Go to the line containing "COD GALBEN de ceaţă! Zonele afectate" and retype it and every later line exactly as written, up to the last line of the entries. Keep pictures out.

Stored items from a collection
▬▬▬▬▬▬▬▬▬▬
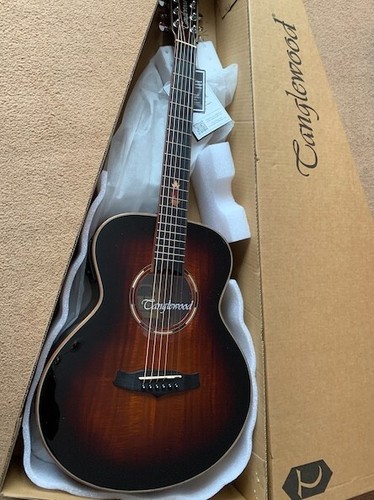 Tanglewood twx1ek travel size - twx1ek,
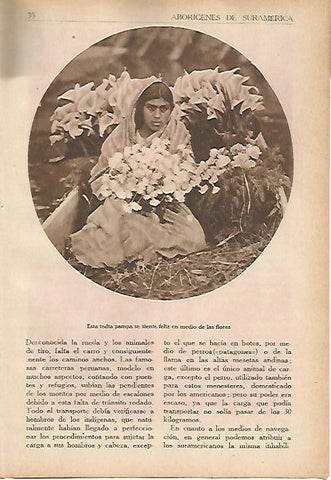 LAMINA 5390: Mujer pampa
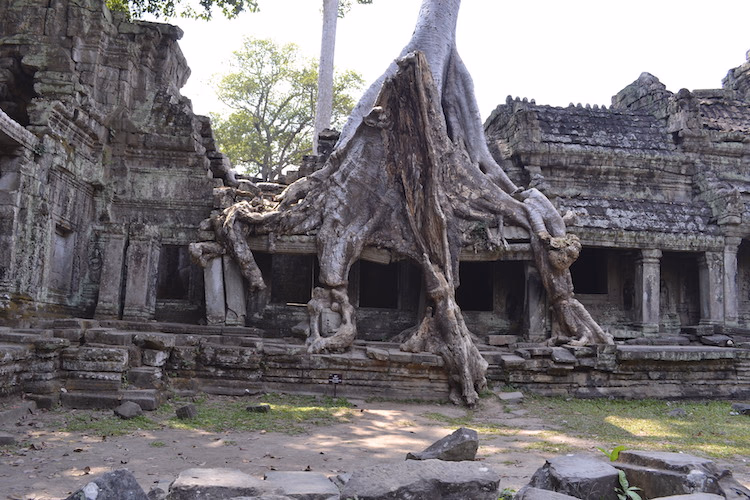 Trees outgrowing the temple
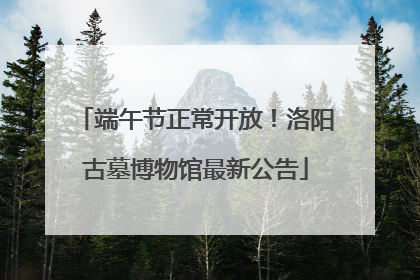 端午节正常开放！洛阳古墓博物馆最新公告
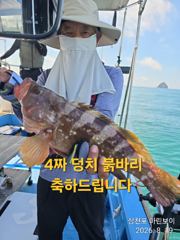 [사천] 삼천포 마린보이 8. 21. 금요일부터 황금물때 붉바리 외수질/…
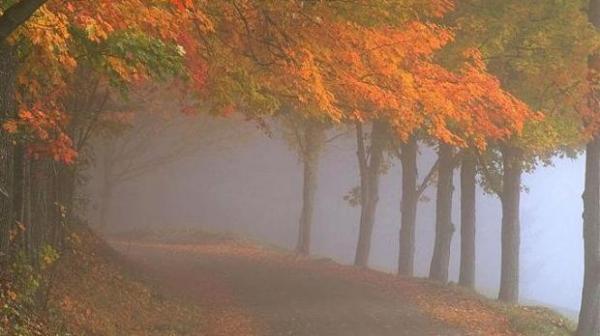 COD GALBEN de ceaţă! Zonele afectate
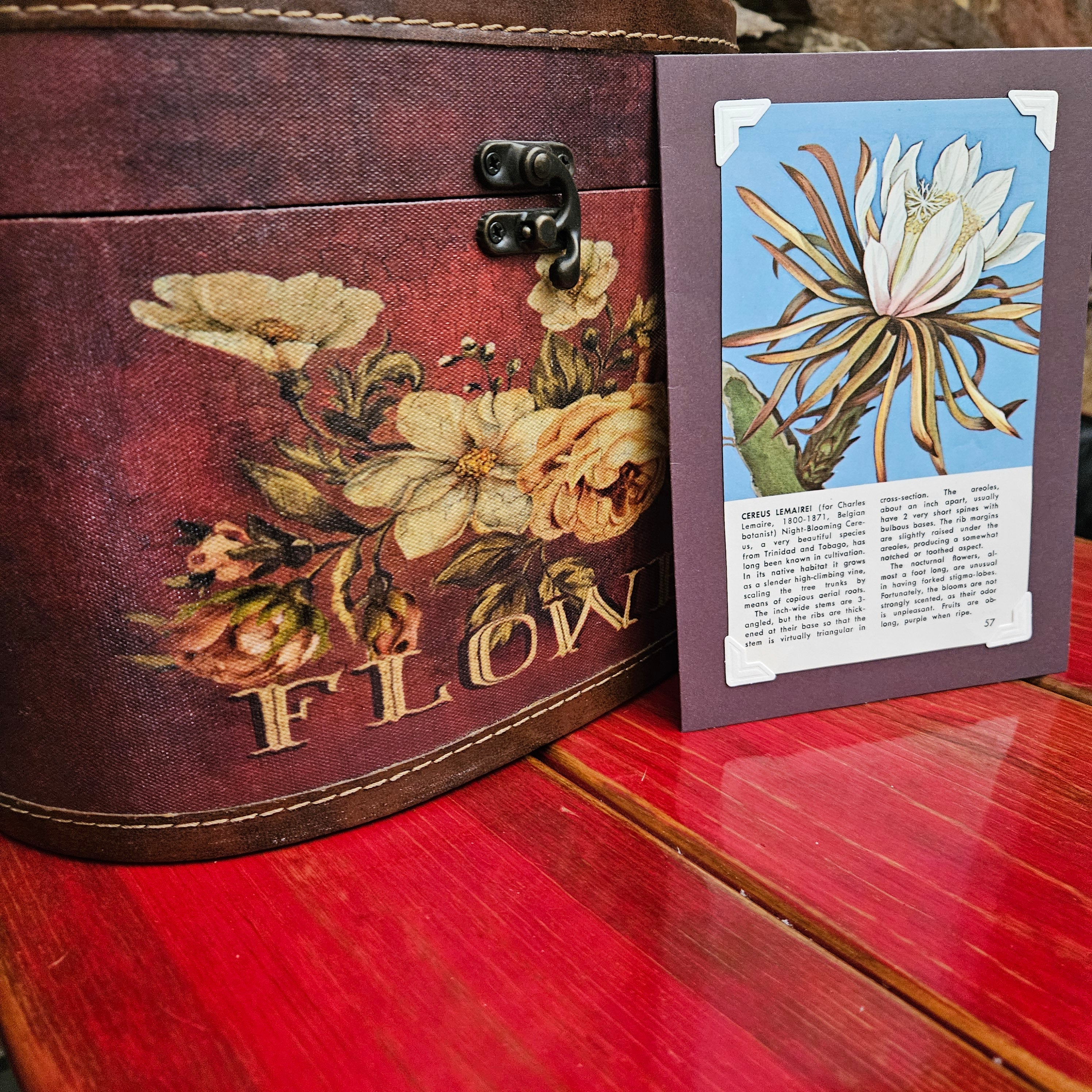Beautifully Hand Crafted Custom Created Greeting Card Series by Diane Stegman "Lemairei Cactus"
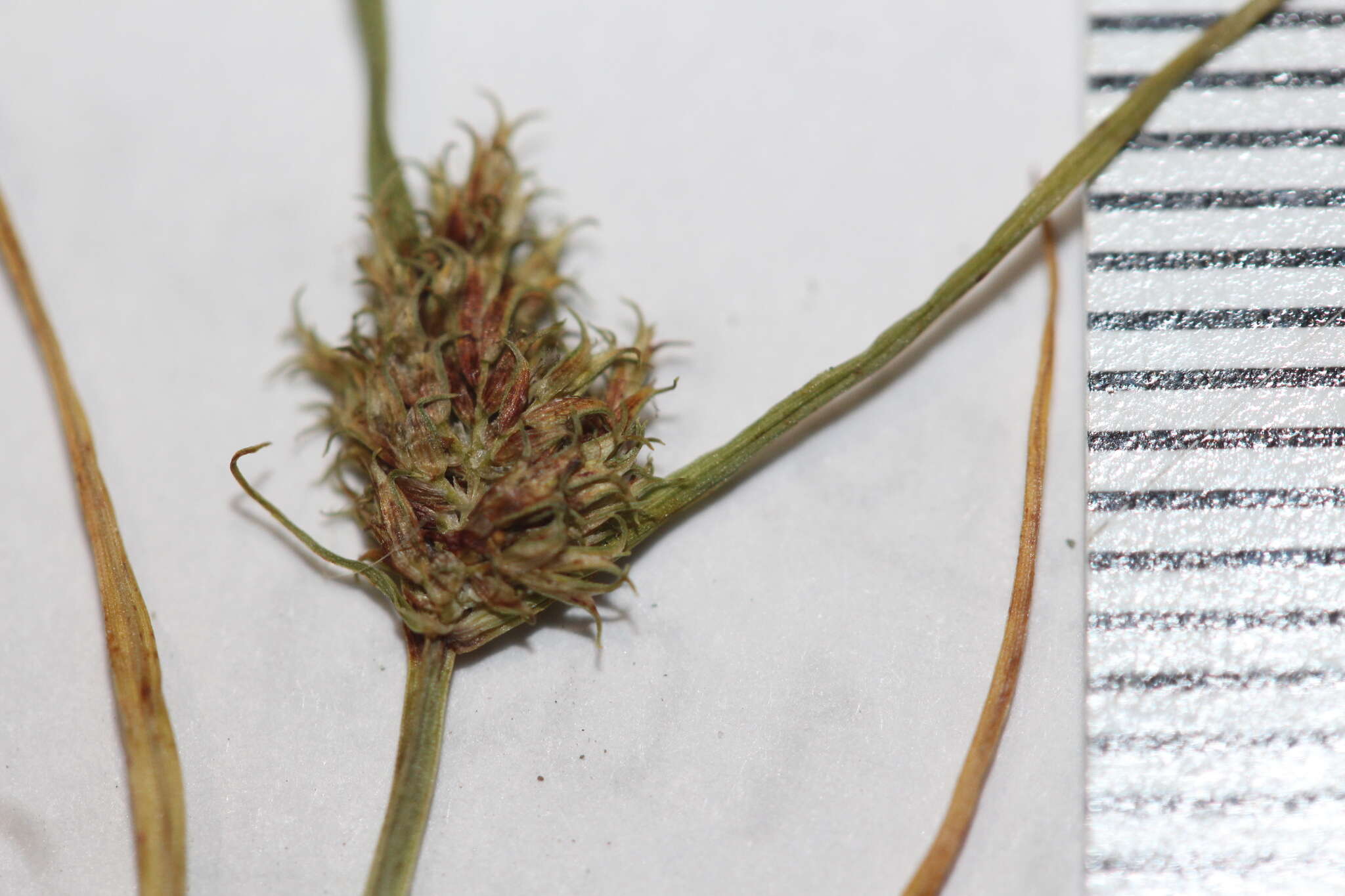 Image of bearded flatsedge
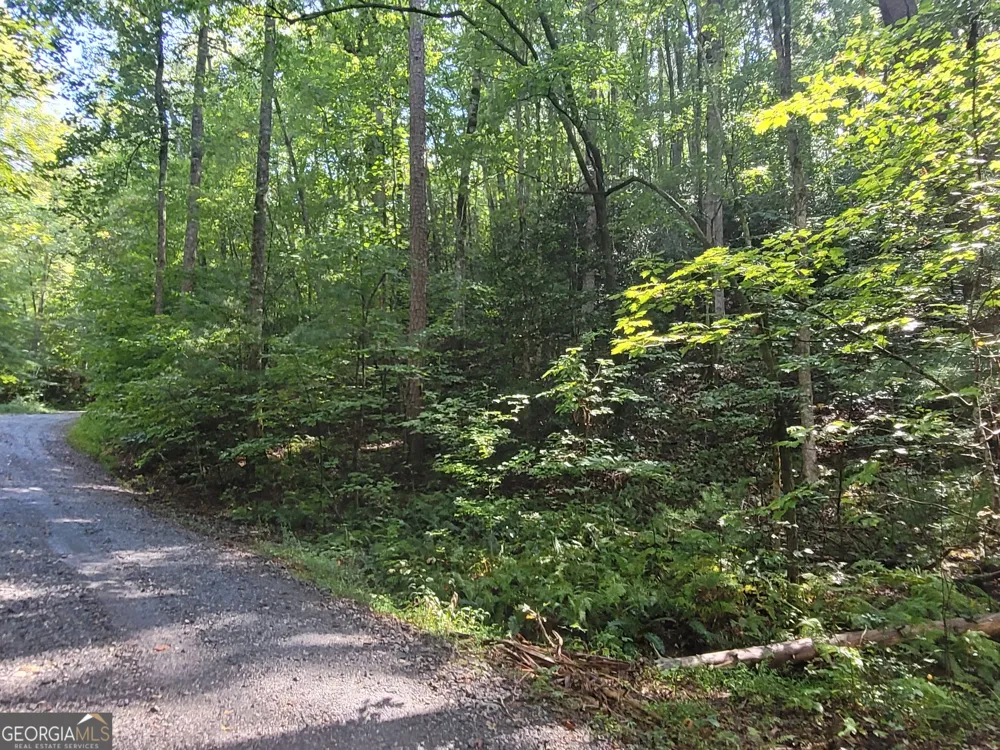 0 Miners Mountain RD Sautee Nacoochee, GA 30571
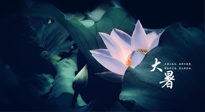 【二十四節(jié)氣灸】趁大暑好好艾灸，才不辜負三伏天的驕陽！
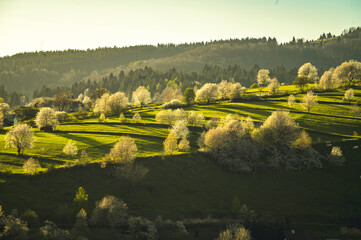 Spring landscape in Slovakia. Polana region, Hrinova. Green spring rural hills landscape, fields, flowering trees, organic farming © Zedspider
▬▬▬▬▬▬▬▬▬▬
▸ Written response:
 COD GALBEN de ceaţă! Zonele afectate
Beautifully Hand Crafted Custom Created Greeting Card Series by Diane Stegman "Lemairei Cactus"
 Image of bearded flatsedge
 0 Miners Mountain RD Sautee Nacoochee, GA 30571
 【二十四節(jié)氣灸】趁大暑好好艾灸，才不辜負三伏天的驕陽！
 Spring landscape in Slovakia. Polana region, Hrinova. Green spring rural hills landscape, fields, flowering trees, organic farming © Zedspider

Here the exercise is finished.